Mounted at /content/drive


# Grid Search cv

In [None]:
import pandas as pd
from sklearn.ensemble import RandomForestClassifier
from sklearn.model_selection import GridSearchCV
from sklearn.feature_extraction.text import TfidfVectorizer
from sklearn.pipeline import Pipeline
from joblib import dump

# Load the datasets
train_data = pd.read_csv('/content/drive/MyDrive/D2/training.csv')
val_data = pd.read_csv('/content/drive/MyDrive/D2/validation.csv')
test_data = pd.read_csv('/content/drive/MyDrive/D2/testmod.csv')

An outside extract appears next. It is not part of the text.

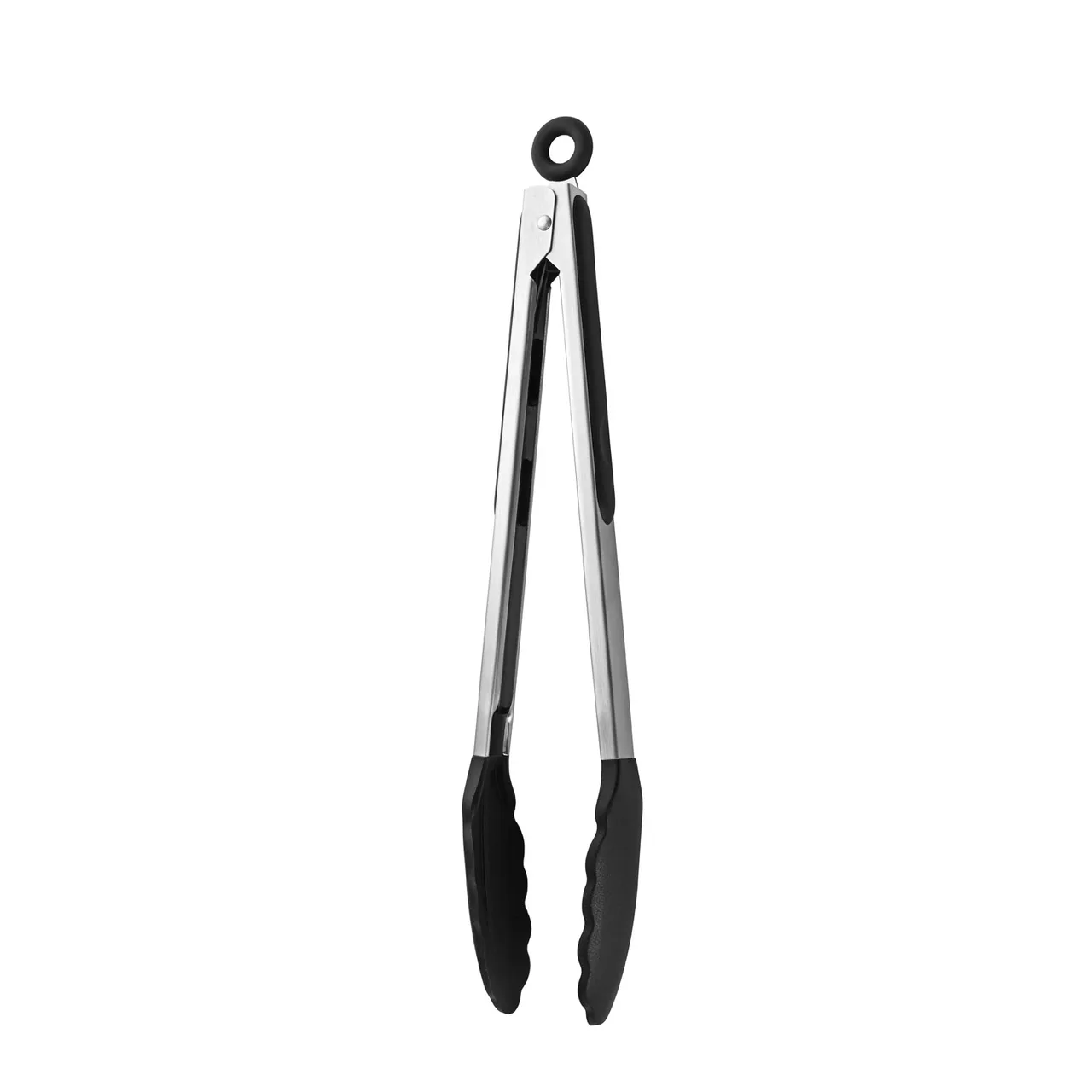 CAC China STSH-12 Tongs, 12" W, Stainless Steel with Silicone Head, Black/Cherry Handle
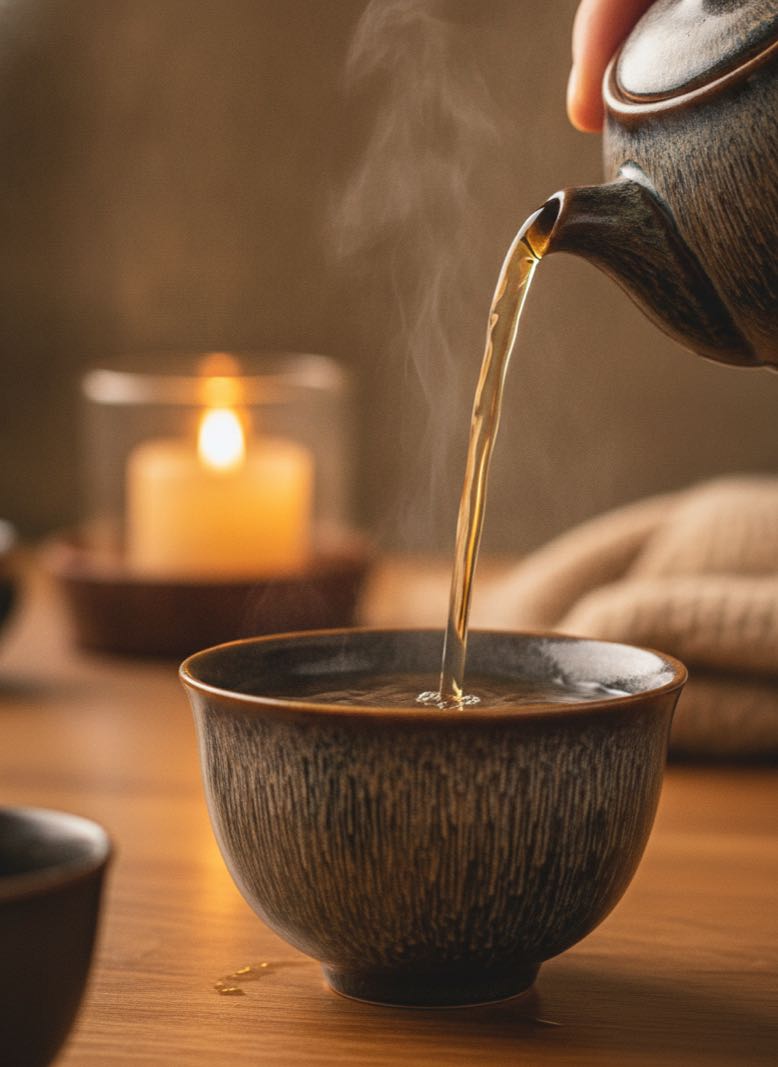 Tenmoku hare's fur cup being poured with golden oolong tea steam rising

# Separate features and labels
X_train = train_data['statement']
y_train = train_data['label']
X_val = val_data['statement']
y_val = val_data['label']
X_test = test_data['statement']
y_test = test_data['label']

# Define the pipeline
pipeline = Pipeline([
    ('tfidf', TfidfVectorizer(max_features=1000)),
    ('rf', RandomForestClassifier())
])

# Define the parameter grid
param_grid = {
    'rf__n_estimators': [100, 200],
    'rf__max_depth': [None, 10, 20],
    'rf__min_samples_split': [2, 5],
    'rf__min_samples_leaf': [1, 2]
}

# Setup GridSearchCV
grid_search = GridSearchCV(estimator=pipeline, param_grid=param_grid, cv=5, scoring='accuracy', n_jobs=-1)

# Fit the model
grid_search.fit(X_train, y_train)

# Save the best model
dump(grid_search.best_estimator_, '/content/drive/MyDrive/D2/D2_Random/grid_rf_model.pkl')


['/content/drive/MyDrive/D2/D2_Random/grid_rf_model.pkl']

# Bayes Optimization

In [None]:
!pip install scikit-optimize

Collecting scikit-optimize
  Downloading scikit_optimize-0.10.2-py2.py3-none-any.whl (107 kB)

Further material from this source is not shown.